Step 6: Visualization Implementation

The Visualizer class handles the creation and saving of plots to analyze threshold performance. It supports both single and multiple policy visualization with detailed metrics.

Copy and paste the following code to implement the visualizer:

import os
import matplotlib.pyplot as plt
import numpy as np

class Visualizer:
    """Handles all visualization tasks"""
    def __init__(self, save_dir: str = './benchmark_results', saving_title='results'):
        self.save_dir = save_dir
        os.makedirs(save_dir, exist_ok=True)
        self.saving_title = saving_title

    def plot_threshold_analysis(self, policy_id, metrics, desired_fpr=None):
        """Plot threshold analysis results with multiple visualization options"""
        print(f"Number of policies: {len(policy_id)}")  # Debug print

        if len(policy_id) == 1:
            print("Using single policy plot")
            self._plot_single_policy(metrics, desired_fpr)
            return "single"
        else:
            print("Using multiple policies plot")
            self._plot_multiple_policies(metrics, desired_fpr)
            return "multiple"

    def _plot_single_policy(self, metrics, desired_fpr=None):
        """Plot for single policy case"""
        plt.figure(figsize=(12, 6))

        # Get the threshold values from threshold_combinations
        thresholds = [list(tc.values())[0] for tc in metrics['threshold_combinations']]
        plt.bar('Accuracy', metrics['accuracy'], label='Accuracy')
        plt.bar('FPR', metrics['fpr'], label='False Positive Rate')
        plt.bar('FNR', metrics['fnr'], label='False Negative Rate')
        plt.bar('F1', metrics['f1'], label='F1 Score')

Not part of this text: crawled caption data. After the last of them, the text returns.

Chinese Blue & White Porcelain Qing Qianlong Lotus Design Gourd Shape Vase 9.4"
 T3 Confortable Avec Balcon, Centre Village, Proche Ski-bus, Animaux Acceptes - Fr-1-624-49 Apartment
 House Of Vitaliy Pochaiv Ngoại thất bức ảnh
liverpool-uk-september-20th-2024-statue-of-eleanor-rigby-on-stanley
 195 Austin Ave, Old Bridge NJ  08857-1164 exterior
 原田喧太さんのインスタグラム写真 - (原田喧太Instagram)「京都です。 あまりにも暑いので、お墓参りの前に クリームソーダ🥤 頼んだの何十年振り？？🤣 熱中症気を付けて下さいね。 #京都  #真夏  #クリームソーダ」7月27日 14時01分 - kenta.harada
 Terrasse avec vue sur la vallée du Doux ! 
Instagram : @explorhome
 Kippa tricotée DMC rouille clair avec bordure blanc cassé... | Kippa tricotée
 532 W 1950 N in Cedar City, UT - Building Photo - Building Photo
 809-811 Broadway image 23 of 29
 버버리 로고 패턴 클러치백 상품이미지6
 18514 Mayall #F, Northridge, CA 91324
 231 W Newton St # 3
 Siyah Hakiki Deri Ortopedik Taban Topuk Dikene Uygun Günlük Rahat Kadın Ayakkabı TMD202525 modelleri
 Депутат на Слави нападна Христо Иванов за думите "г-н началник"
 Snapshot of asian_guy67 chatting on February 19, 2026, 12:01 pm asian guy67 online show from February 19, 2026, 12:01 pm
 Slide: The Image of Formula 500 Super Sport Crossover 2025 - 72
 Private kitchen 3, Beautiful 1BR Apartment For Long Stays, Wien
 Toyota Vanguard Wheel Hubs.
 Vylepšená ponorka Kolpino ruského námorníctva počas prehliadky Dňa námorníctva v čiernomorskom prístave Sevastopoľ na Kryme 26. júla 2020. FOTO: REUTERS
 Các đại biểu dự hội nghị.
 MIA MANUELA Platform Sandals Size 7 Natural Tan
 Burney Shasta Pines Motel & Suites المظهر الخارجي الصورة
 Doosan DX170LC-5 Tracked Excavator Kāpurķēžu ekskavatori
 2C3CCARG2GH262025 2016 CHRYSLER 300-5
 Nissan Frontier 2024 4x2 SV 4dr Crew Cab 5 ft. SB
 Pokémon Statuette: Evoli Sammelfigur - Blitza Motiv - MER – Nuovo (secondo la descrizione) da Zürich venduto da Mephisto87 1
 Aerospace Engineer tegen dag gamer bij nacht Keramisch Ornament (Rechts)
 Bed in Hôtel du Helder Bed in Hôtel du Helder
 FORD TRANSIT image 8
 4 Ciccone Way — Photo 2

        if desired_fpr is not None:
            plt.axhline(y=desired_fpr, color='r', linestyle='--',
                        label=f'Desired FPR: {desired_fpr}')

        plt.xlabel('Metrics')
        plt.ylabel('Score')
        plt.title('Metrics vs Threshold')
        plt.legend()
        plt.grid(True)

        self._save_plot("single")

    def _plot_multiple_policies(self, metrics, desired_fpr=None):
        """Plot for multiple policies using mean threshold and subplots"""
        # Create figure with two subplots side by side
        fig, (ax1, ax2) = plt.subplots(1, 2, figsize=(20, 8))

        # Sort by FPR for better visualization
        sort_idx = np.argsort(metrics['fpr'])
        fpr = np.array(metrics['fpr'])[sort_idx]
        accuracy = np.array(metrics['accuracy'])[sort_idx]
        fnr = np.array(metrics['fnr'])[sort_idx]
        f1 = np.array(metrics['f1'])[sort_idx]
        threshold_combinations = np.array(metrics['threshold_combinations'], dtype=object)[sort_idx]

        # Plot 1: Metrics vs Mean Threshold
        mean_thresholds = [np.mean(list(tc.values())) for tc in threshold_combinations]

        ax1.bar('Accuracy', accuracy, label='Accuracy')
        ax1.bar('FPR', fpr, label='False Positive Rate')
        ax1.bar('FNR', fnr, label='False Negative Rate')
        ax1.bar('F1', f1, label='F1 Score')

        if desired_fpr is not None:
            ax1.axhline(y=desired_fpr, color='r', linestyle='--',
                        label=f'Desired FPR: {desired_fpr}')

        # Plot horizontal lines for each threshold combination
        colors = plt.get_cmap('viridis')(np.linspace(0, 1, len(threshold_combinations)))
        for idx, (tc, color) in enumerate(zip(threshold_combinations, colors)):
            for policy_id, threshold in tc.items():
                ax1.axhline(y=threshold, color=color, linestyle=':',
                            alpha=0.3, label=f'Threshold {idx} - {policy_id}: {threshold:.4f}')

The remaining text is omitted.